*Provided data*
+---+

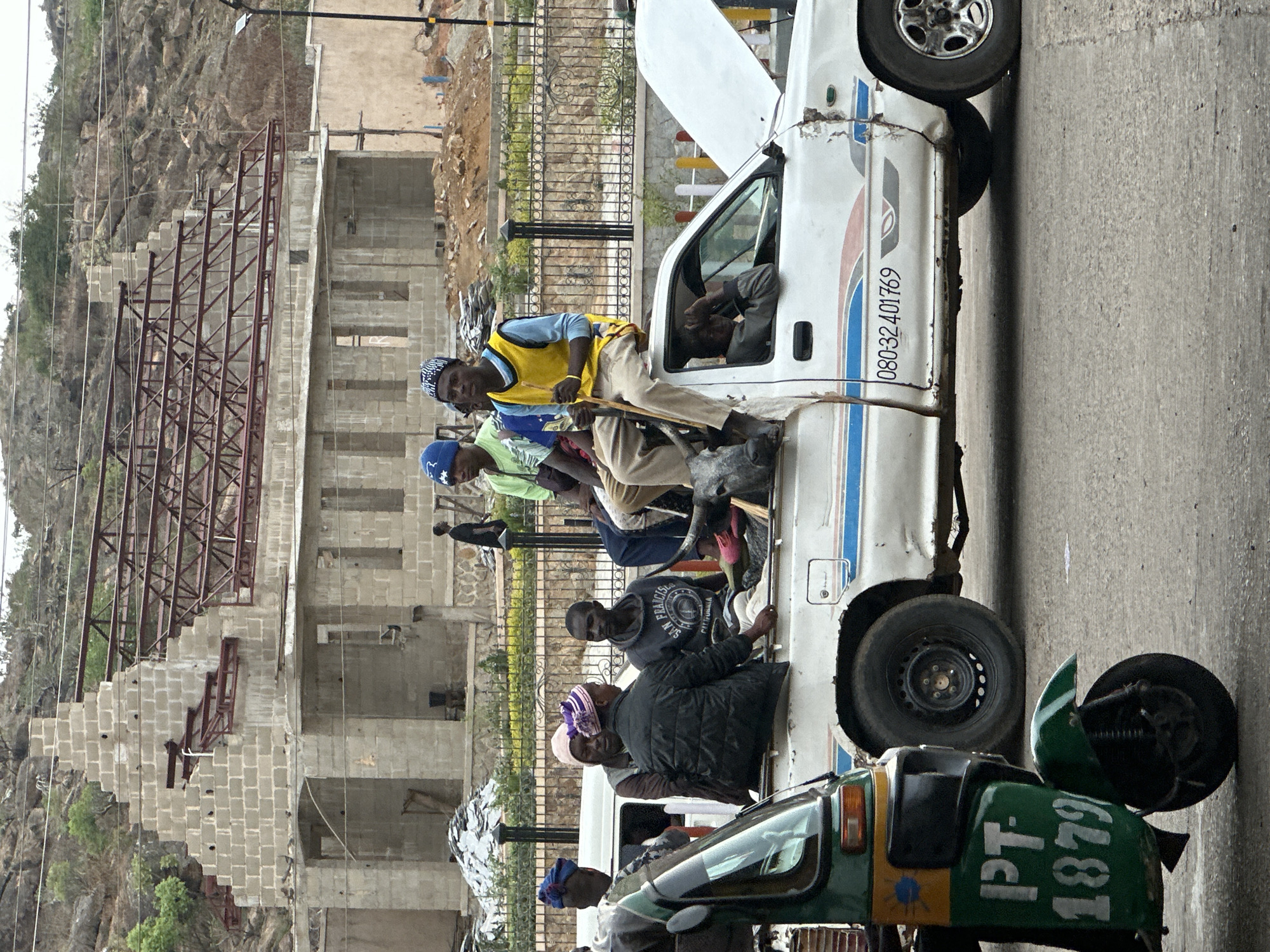 This medium shot captures a vibrant street scene, likely in Jos, Nigeria, showing a crowded white utility vehicle and a partially visible green tricycle against a backdrop of a rocky hillside and construction.
The central subject is a white, weathered vehicle, possibly a pickup truck or minibus, with its hood open. It is heavily laden with people, many of whom are seated or standing on its exterior. On the passenger side, a man in a yellow vest and patterned head covering sits, holding a stick. Below him, another man wears a blue cap. Several other men are visible on the vehicle, including one in a black hoodie with "SAN FRANCISCO" and "CALIFORNIA" emblazoned on it, and another in a black jacket and a pink/purple head covering. The vehicle shows signs of age, with peeling paint and rust, and features blue and brown stripes along its side. A spare tire is visible at the rear.
In the foreground, the front and side of a green tricycle, commonly known as a Keke Napep, are visible, partially obscured by the white vehicle. It has yellow accents.
The background reveals a rugged, rocky hillside with sparse vegetation. Below the hillside, concrete block structures in various stages of construction are visible, some with exposed rebar. A metal fence or gate runs in the mid-ground. Overhead, utility lines traverse the sky.
The scene depicts a bustling, everyday activity, likely public transportation. The vehicles appear well-used, and the people are casually dressed. The lighting suggests daytime, possibly under an overcast sky.
Visible text includes a phone number "080-32 401769" on the side of the white vehicle and "PT- 1879" on the green tricycle, which could be a registration number.
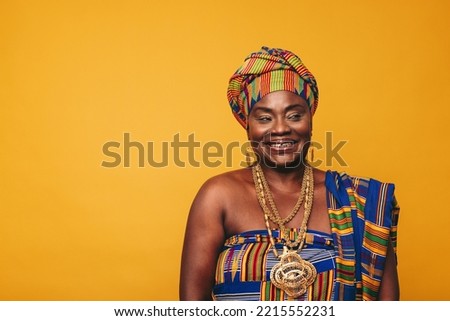 Smiling Ghanaian woman wearing a traditional attire against a yellow background. Happy black woman dressed in colourful Kente cloth and golden jewellery. Mature elegant woman embracing her rich cultur Royalty-Free Stock Photo #2215552231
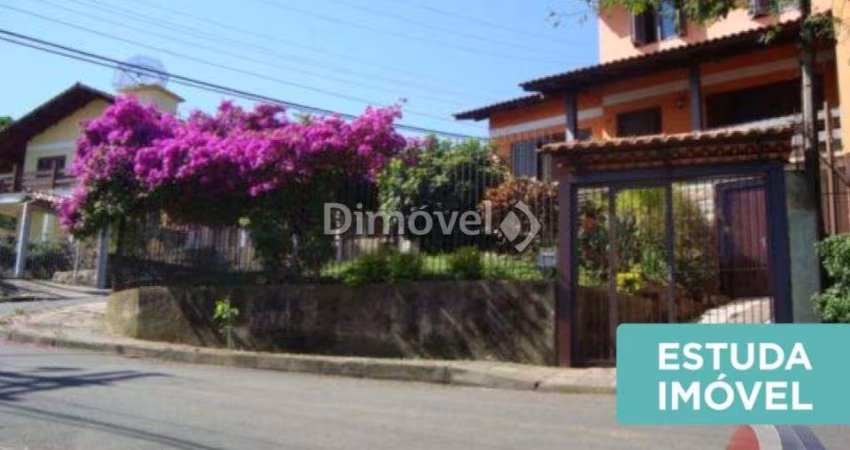 Casa com 5 quartos à venda na Rua Ângelo Passuelo, 79, Vila Nova, Porto Alegre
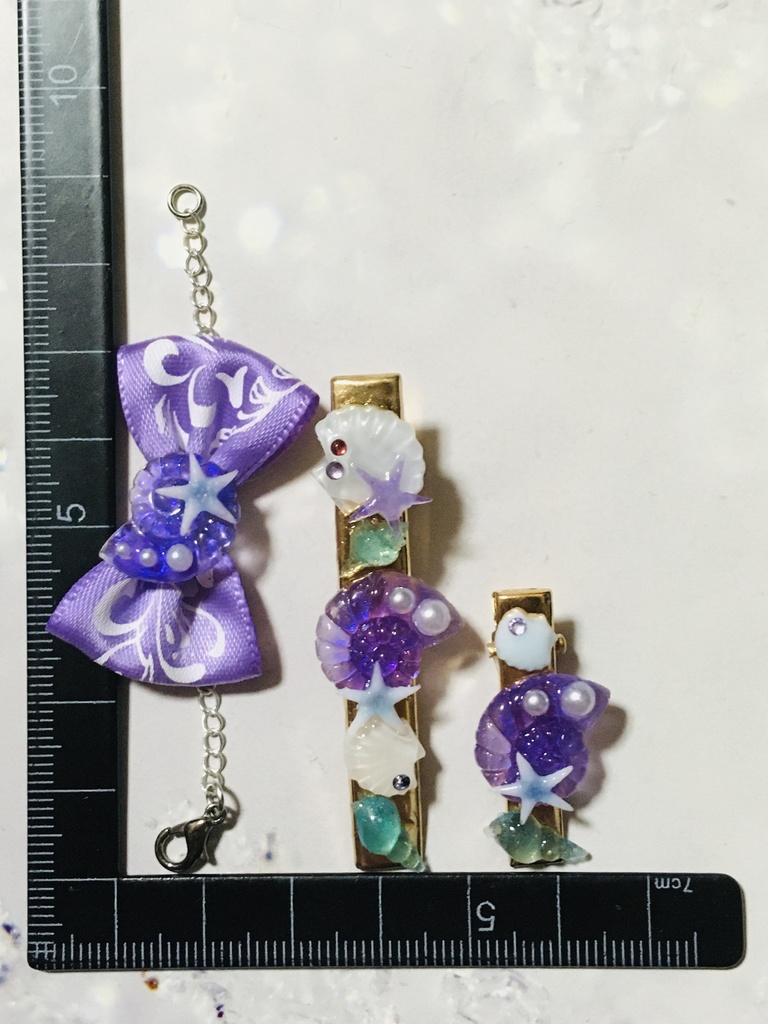 オクタイメージ ヘアクリップと蝶ネクタイ風ネックレス(レフト)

+---+

Starting with the line that contains "The central subject", copy every line word for word through the end of the listing above, but leave out the pictures.

The central subject is a white, weathered vehicle, possibly a pickup truck or minibus, with its hood open. It is heavily laden with people, many of whom are seated or standing on its exterior. On the passenger side, a man in a yellow vest and patterned head covering sits, holding a stick. Below him, another man wears a blue cap. Several other men are visible on the vehicle, including one in a black hoodie with "SAN FRANCISCO" and "CALIFORNIA" emblazoned on it, and another in a black jacket and a pink/purple head covering. The vehicle shows signs of age, with peeling paint and rust, and features blue and brown stripes along its side. A spare tire is visible at the rear.
In the foreground, the front and side of a green tricycle, commonly known as a Keke Napep, are visible, partially obscured by the white vehicle. It has yellow accents.
The background reveals a rugged, rocky hillside with sparse vegetation. Below the hillside, concrete block structures in various stages of construction are visible, some with exposed rebar. A metal fence or gate runs in the mid-ground. Overhead, utility lines traverse the sky.
The scene depicts a bustling, everyday activity, likely public transportation. The vehicles appear well-used, and the people are casually dressed. The lighting suggests daytime, possibly under an overcast sky.
Visible text includes a phone number "080-32 401769" on the side of the white vehicle and "PT- 1879" on the green tricycle, which could be a registration number.
 Smiling Ghanaian woman wearing a traditional attire against a yellow background. Happy black woman dressed in colourful Kente cloth and golden jewellery. Mature elegant woman embracing her rich cultur Royalty-Free Stock Photo #2215552231
 Casa com 5 quartos à venda na Rua Ângelo Passuelo, 79, Vila Nova, Porto Alegre
 オクタイメージ ヘアクリップと蝶ネクタイ風ネックレス(レフト)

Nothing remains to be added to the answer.